21. Their Trial and Fellow Defendants

Charlotte’s trial occurred while at St. Gilles Prison.  They had spent three days at Antwerp, approximately two months at Laeken, and were at St. Gilles until June of 1944.  It was during their time at St Gilles, when the trial occurred, that she was condemned to death.  [She shows her document.]  “Was this the date—June 2?  No, May 1944 when the trial was held.  It started in May 1944.  I think it was June 2 when we were condemned.  [She is examining the documents.  Looking at the documents, she finds a date, May 24.]  “Maybe this was the beginning of the trial and June 2 was when we were condemned to death.”

[The Ambach trial record gives the following names of defendants: Ernest van Moorleghem; Elise Chabot; Charlotte Ambach; Paul Boutet of the Salvation Army; Louise Collet; Dr. De Winter, a Jewish doctor; Dr. Georges Bray; Petronella van Gellicum; Elisabeth van Altena; Paul van Cleef, a Jew; and Ghislain and Armand Gaspard.]

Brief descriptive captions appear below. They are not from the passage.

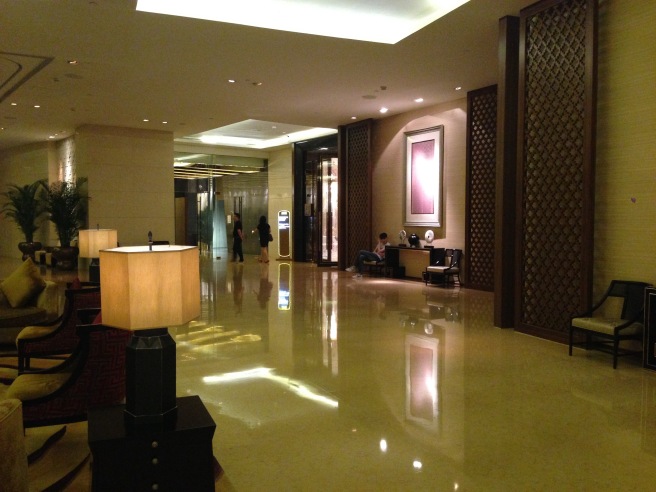 a lobby with a large floor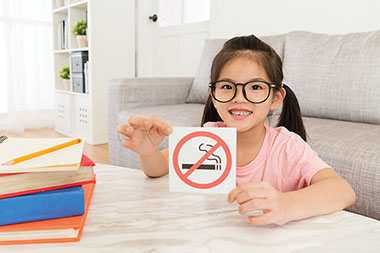 Child holding no smoking sign.
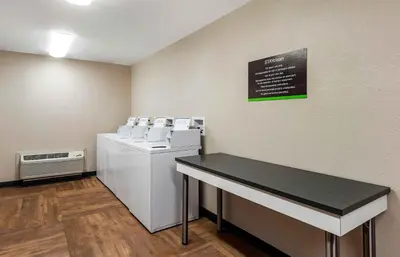 a laundry room with white machines and a black counter at Extended Stay America Suites - Fort Lauderdale - Plantation in Plantation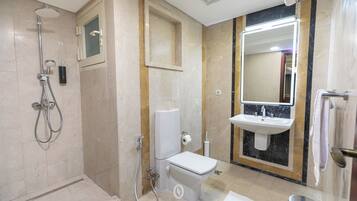 Un baño moderno con ducha, inodoro, lavamanos y un espejo grande.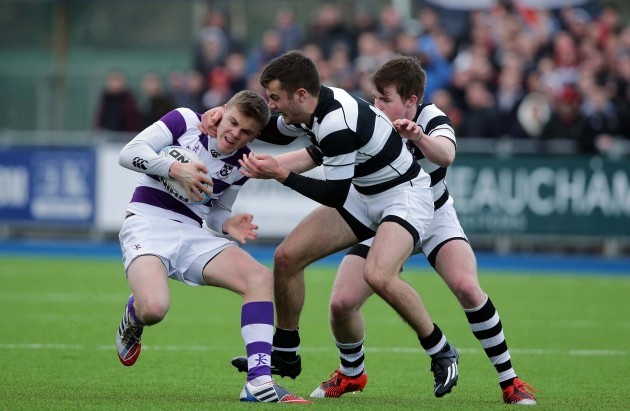 Michael Silvester tackled by Declan Murnaghan and Conor Jennings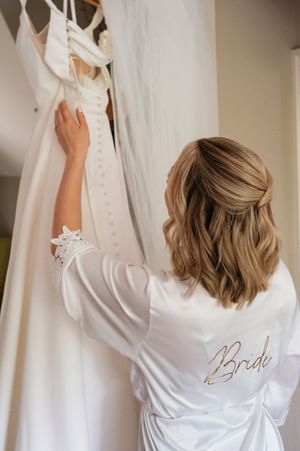 Person in white silk robe with 'Bride' embroidery getting ready for wedding ceremony from behind.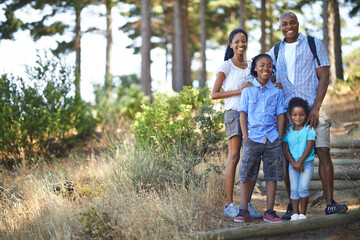 Portrait, smile and hiking with a black family in nature together for travel, freedom or adventure. Mother, father and children outdoor in the forest, environment of woods for summer bonding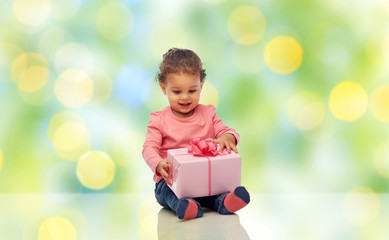 Wall Mural - happy little baby girl with birthday present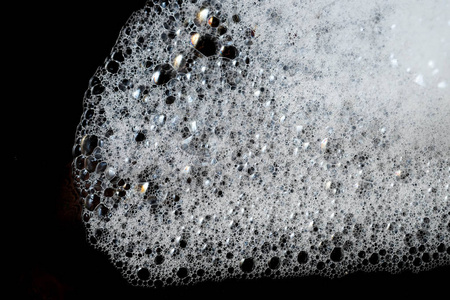 抽象背景白色肥皂泡沫纹理.洗发水泡沫与照片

All the people who worked with them were tried at the same time.  As an example, she cites “the man from the Salvation Army, Paul Boutet.  Paul Cumbracht [sp?] had worked with us.”  The interviewer asks “All of the people on the list were associated with you?”  “Yes.  First on the list is Ernest, next Chabot, third is Ambach.  Paul Boutet died in Germany.  He was the captain of the Salvation Army.  She [referring to Louise Collet, the fifth person] helped us with the boys.  She was Swiss.  The sixth was a doctor who operated on one of the boys.  Dr. De Winter operated on one of the boys who had a torn stomach.  [Then refers to Dr. Bray].  [Next referring to #8, Petronella van Gellicum] this was the friend of my mother where my brother was arrested.”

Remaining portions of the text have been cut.